「農民」記事データベース20090810-888-03

土石流が出穂直後の水田襲う

被害農民“早期復旧に支援を”

山口・豪雨


 7月21日の記録的な大雨による土石流で多数の犠牲者が出ている山口県。防府市に隣接する山口市小鯖(おさば)地区でも土石流が発生し、出穂したばかりの水田が土砂で埋まった農家では、早期復旧を求めています。

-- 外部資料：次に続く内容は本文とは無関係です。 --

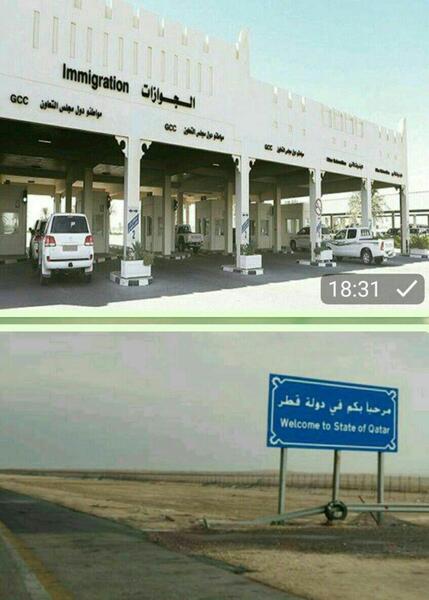 عکس مرز قطر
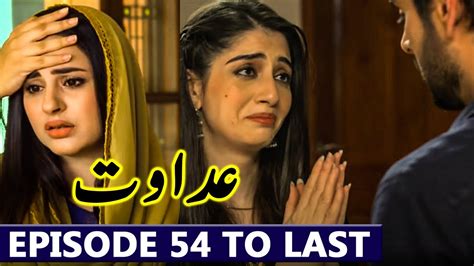 Adawat Episode To Last Episode Full Review Drama Adawat Episode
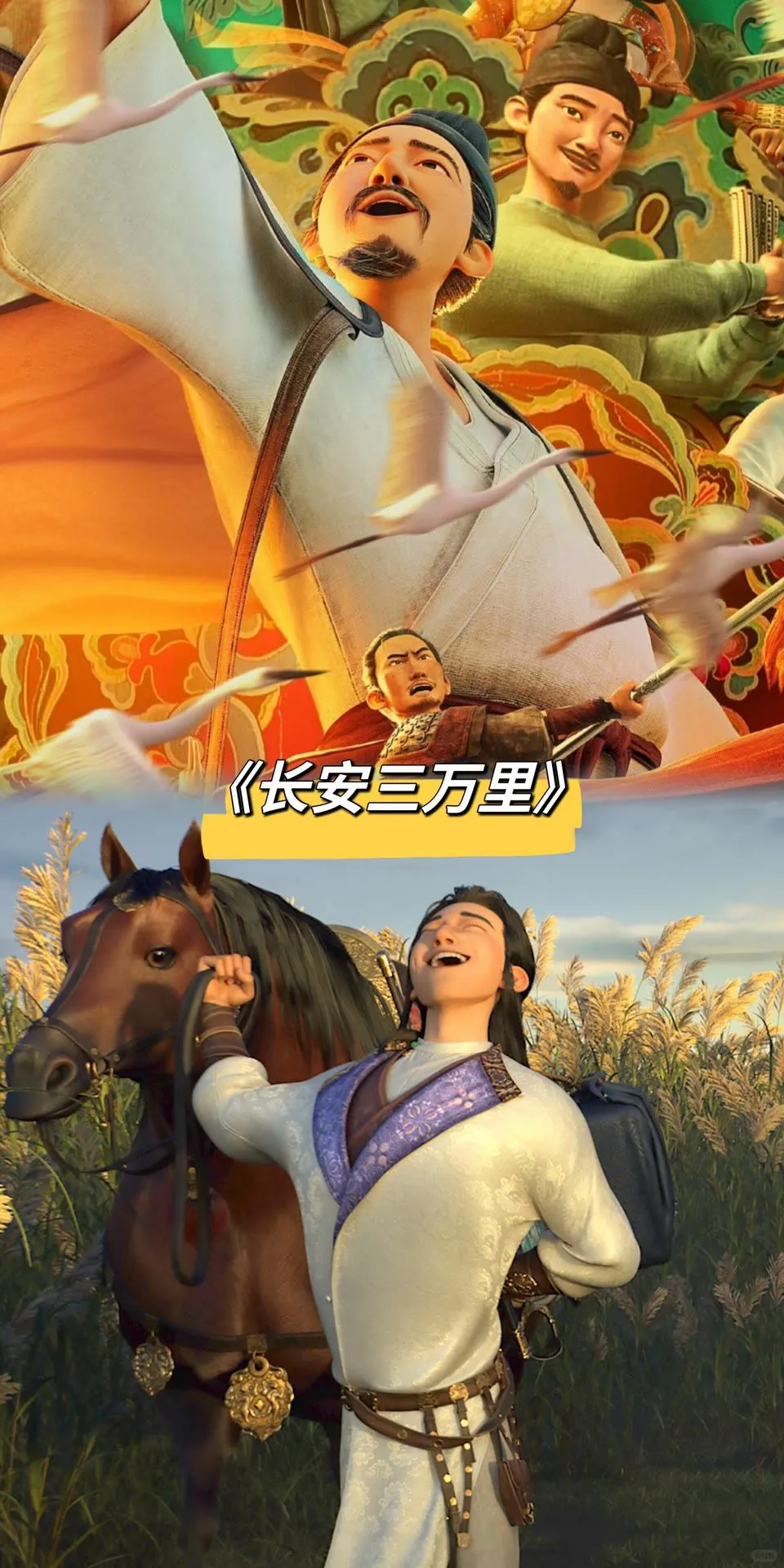 17部好看的动漫电影，哪一部是top1?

 農民組合員で81アールの水田を夫婦で営む原田咲子さん(59)の家の周りは、棚田が多い。大量の雨で水田を越えた水は川のように家に流れ込み、床下浸水したほか、水田沿いの山が崩れ土砂が水田をおおいました。原田さんは「ごう音とともに山が崩れて水田沿いの川がせきとめられ、30アールの水田が土砂で埋まった。個人負担による復旧は困難なため、行政の支援を」と、山崩れの恐さを話しています。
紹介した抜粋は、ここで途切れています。